__Items from a dataset__.
===============

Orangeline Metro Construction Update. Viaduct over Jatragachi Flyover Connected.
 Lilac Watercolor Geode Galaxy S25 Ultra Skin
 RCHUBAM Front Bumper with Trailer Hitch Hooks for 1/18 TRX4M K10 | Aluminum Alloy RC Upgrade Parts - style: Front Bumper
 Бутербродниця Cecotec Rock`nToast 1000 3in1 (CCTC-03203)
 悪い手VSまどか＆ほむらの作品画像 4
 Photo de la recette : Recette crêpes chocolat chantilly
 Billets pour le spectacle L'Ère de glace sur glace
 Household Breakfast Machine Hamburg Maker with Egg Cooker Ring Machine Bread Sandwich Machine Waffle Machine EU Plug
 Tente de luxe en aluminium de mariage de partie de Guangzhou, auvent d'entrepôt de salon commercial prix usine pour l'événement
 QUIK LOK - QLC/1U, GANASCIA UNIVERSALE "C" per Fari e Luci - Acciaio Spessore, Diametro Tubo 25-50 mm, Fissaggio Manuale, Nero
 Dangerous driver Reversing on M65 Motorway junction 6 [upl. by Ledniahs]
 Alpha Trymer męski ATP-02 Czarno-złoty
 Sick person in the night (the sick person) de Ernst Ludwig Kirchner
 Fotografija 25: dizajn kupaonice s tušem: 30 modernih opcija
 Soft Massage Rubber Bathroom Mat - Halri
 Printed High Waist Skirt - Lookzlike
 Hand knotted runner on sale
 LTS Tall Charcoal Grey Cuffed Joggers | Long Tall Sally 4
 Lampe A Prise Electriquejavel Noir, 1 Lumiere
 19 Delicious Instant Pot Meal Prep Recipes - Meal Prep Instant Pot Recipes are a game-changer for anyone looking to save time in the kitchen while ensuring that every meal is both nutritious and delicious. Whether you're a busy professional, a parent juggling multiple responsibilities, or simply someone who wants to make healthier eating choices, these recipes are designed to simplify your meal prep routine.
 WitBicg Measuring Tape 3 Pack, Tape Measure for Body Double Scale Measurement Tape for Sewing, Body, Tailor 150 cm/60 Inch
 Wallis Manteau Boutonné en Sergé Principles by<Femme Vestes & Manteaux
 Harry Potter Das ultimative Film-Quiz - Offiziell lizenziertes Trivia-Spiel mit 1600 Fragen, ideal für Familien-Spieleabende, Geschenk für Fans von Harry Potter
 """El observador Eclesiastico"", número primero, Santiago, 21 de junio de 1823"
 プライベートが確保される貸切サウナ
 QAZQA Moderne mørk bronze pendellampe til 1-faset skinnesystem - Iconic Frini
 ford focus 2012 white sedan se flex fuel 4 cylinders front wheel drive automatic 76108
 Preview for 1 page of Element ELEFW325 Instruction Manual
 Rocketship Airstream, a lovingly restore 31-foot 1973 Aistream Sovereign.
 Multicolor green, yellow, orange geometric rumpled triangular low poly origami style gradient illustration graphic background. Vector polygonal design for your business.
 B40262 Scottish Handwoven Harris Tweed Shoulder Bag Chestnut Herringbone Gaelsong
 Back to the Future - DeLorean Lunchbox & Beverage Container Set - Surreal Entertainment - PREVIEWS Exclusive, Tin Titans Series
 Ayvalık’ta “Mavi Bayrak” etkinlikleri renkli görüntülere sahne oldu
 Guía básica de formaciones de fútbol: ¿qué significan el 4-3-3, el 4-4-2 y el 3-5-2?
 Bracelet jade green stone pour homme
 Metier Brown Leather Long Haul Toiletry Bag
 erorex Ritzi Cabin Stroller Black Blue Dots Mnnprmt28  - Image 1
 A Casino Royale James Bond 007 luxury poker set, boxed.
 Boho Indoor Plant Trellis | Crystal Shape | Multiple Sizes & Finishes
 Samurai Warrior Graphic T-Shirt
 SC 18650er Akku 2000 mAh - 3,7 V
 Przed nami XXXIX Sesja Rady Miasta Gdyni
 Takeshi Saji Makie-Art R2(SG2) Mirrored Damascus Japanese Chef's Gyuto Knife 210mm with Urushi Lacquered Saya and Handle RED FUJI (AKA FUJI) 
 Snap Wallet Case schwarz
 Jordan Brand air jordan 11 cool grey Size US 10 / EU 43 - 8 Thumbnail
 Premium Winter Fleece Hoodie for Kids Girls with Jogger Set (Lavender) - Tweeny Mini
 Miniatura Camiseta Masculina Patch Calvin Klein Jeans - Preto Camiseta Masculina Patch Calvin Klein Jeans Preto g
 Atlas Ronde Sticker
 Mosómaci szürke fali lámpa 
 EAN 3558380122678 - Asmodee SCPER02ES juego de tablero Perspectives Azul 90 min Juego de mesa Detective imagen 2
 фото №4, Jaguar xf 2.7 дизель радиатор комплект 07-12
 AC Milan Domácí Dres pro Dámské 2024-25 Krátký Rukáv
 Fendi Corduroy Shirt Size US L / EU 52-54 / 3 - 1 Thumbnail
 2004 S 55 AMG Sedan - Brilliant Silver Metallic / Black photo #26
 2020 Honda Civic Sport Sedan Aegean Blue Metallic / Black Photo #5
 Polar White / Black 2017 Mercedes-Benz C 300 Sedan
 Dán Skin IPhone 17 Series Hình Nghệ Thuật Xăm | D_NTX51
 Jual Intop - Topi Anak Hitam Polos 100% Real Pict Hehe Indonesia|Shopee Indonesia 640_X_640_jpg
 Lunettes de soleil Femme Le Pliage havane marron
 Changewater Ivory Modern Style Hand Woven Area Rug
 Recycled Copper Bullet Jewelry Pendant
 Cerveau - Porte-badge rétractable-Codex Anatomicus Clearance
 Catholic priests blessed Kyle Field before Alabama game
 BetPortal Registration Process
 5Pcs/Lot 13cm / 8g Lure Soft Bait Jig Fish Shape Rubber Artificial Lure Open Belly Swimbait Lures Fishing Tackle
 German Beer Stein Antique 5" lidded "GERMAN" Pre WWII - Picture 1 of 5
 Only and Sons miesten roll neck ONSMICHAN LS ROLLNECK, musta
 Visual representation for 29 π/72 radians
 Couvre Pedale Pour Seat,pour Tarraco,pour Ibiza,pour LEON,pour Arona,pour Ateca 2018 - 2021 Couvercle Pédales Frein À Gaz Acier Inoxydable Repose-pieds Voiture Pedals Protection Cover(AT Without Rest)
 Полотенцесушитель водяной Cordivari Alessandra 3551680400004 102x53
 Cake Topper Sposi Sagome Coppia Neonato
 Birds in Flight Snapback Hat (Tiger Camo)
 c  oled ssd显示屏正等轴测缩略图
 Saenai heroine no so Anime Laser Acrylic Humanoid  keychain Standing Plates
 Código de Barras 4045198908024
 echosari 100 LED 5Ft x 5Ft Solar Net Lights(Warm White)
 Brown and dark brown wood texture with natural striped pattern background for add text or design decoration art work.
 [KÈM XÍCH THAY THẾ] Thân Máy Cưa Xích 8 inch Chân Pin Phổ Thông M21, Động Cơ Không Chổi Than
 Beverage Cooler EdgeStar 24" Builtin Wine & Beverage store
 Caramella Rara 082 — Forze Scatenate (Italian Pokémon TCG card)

===============

__EXERCISE DESCRIPTION__.
Indicate the number of lines in the data above that contain the string "Thumbnail", without any additional text.

__ANSWER SECTION__.
2